• **Supplied material**

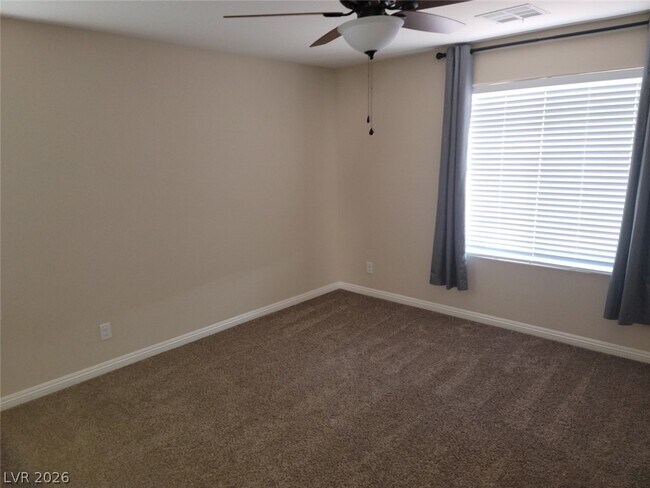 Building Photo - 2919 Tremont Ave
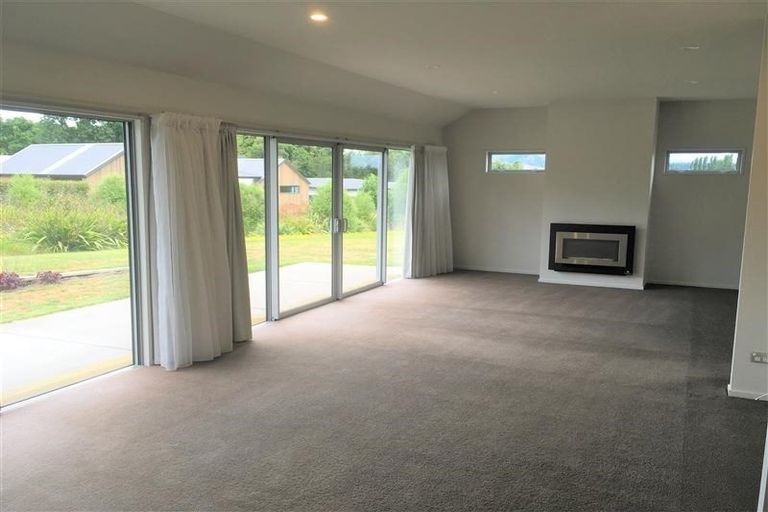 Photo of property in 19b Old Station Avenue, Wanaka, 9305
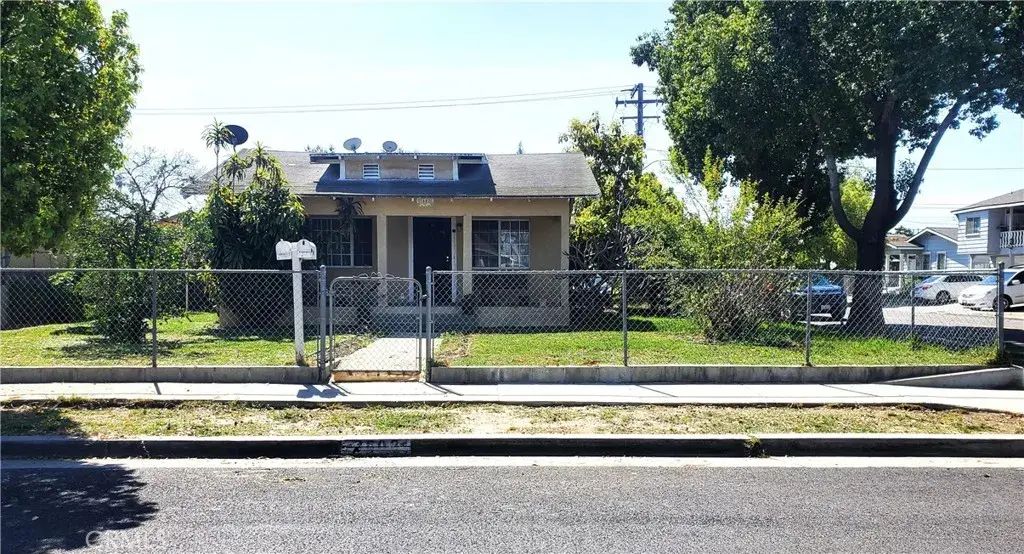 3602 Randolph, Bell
--
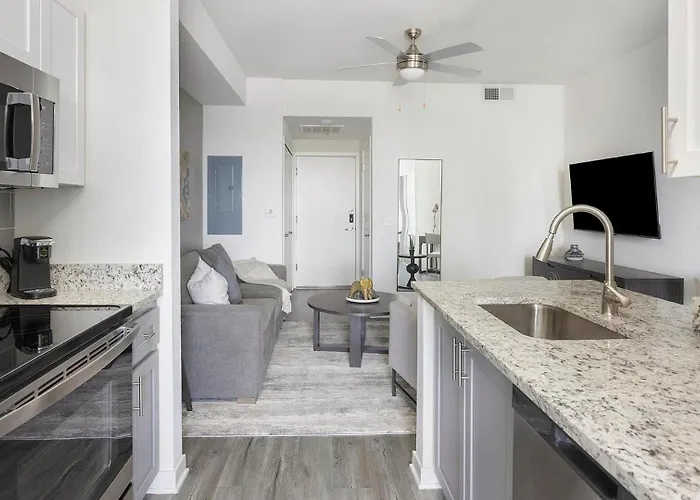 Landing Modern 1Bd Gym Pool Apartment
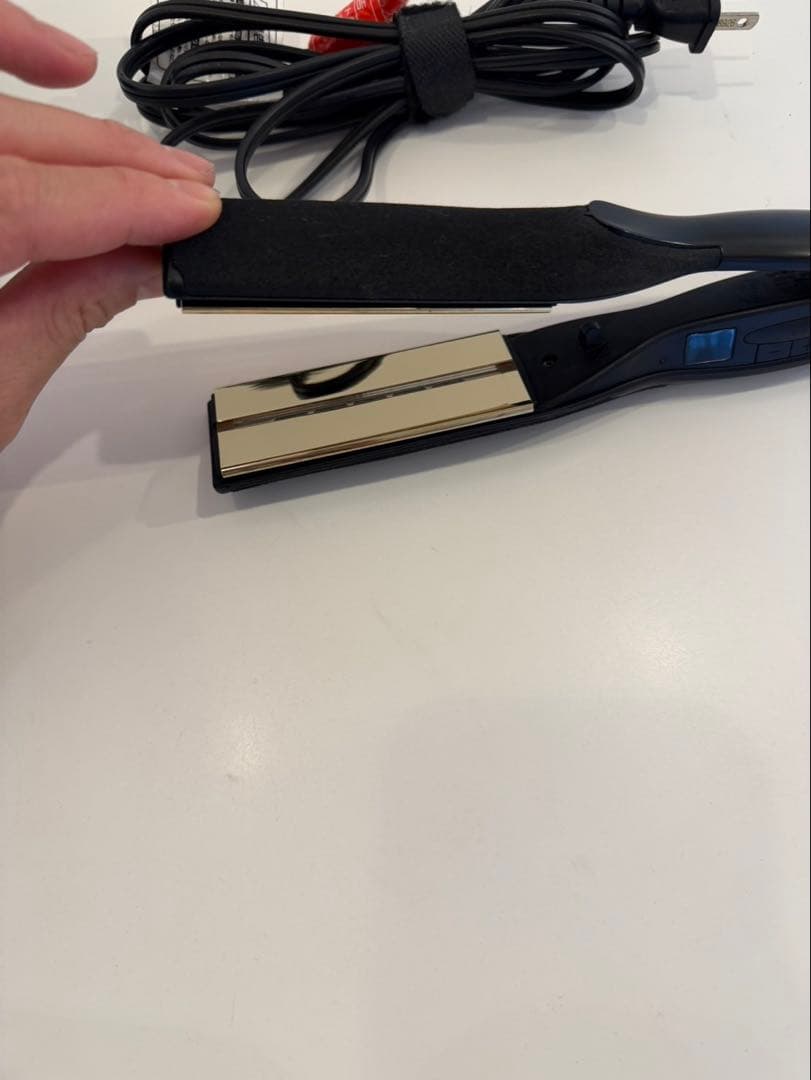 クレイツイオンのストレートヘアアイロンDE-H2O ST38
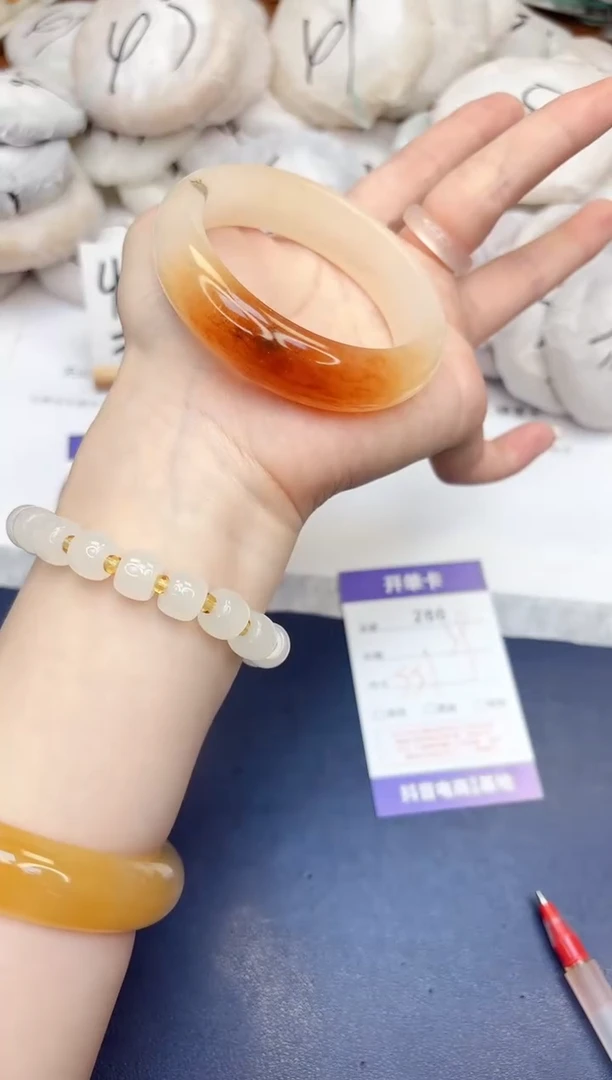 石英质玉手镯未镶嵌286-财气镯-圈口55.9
==
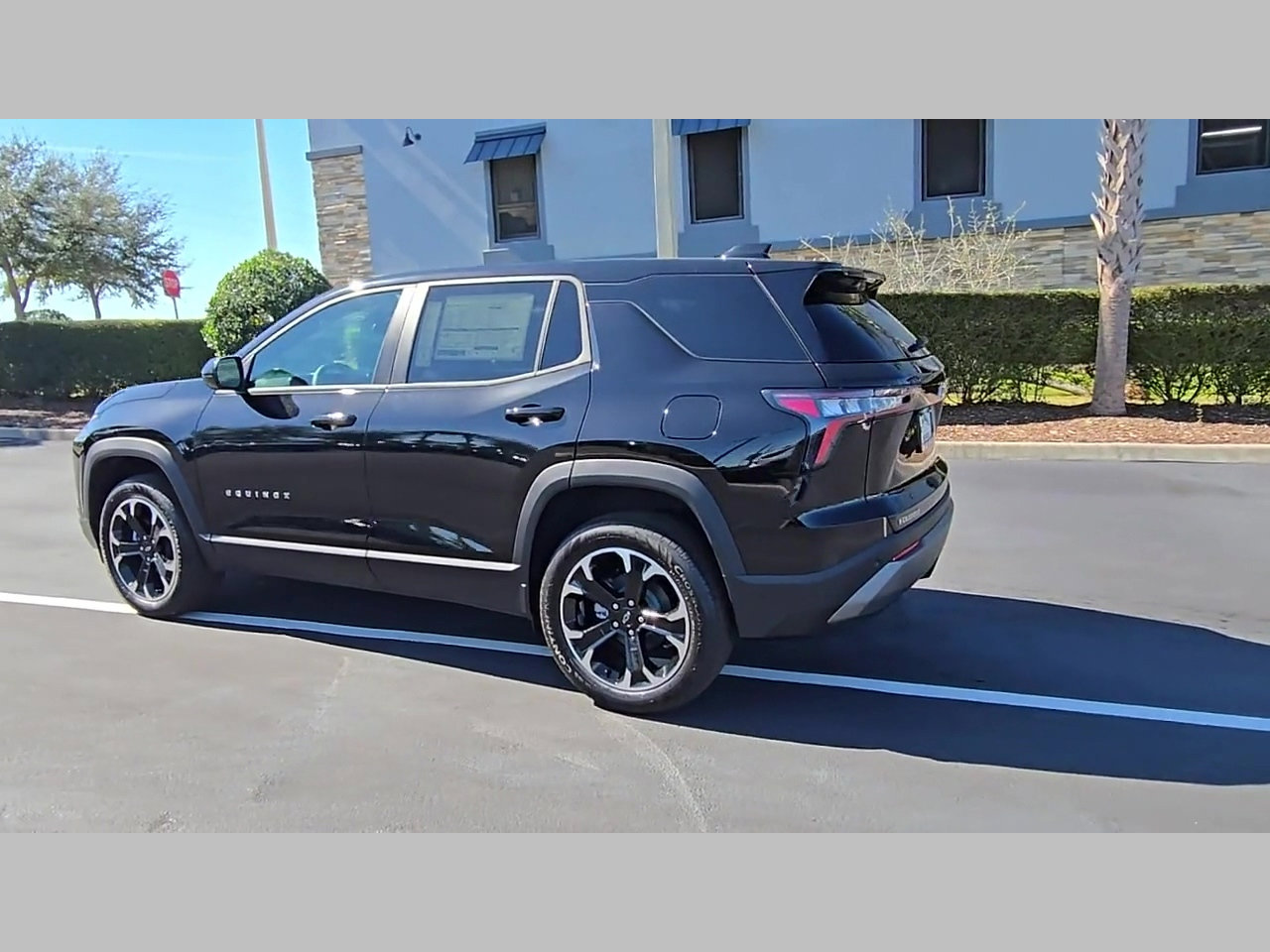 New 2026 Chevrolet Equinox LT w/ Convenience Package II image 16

• **Task goal**
Skipping the pictures, print the lines in the listing above exactly as written, starting at the line with "Building Photo - 2919 Tremont Ave" and ending at the line with "3602 Randolph, Bell", both included.

• **Output for this exercise**
 Building Photo - 2919 Tremont Ave
 Photo of property in 19b Old Station Avenue, Wanaka, 9305
 3602 Randolph, Bell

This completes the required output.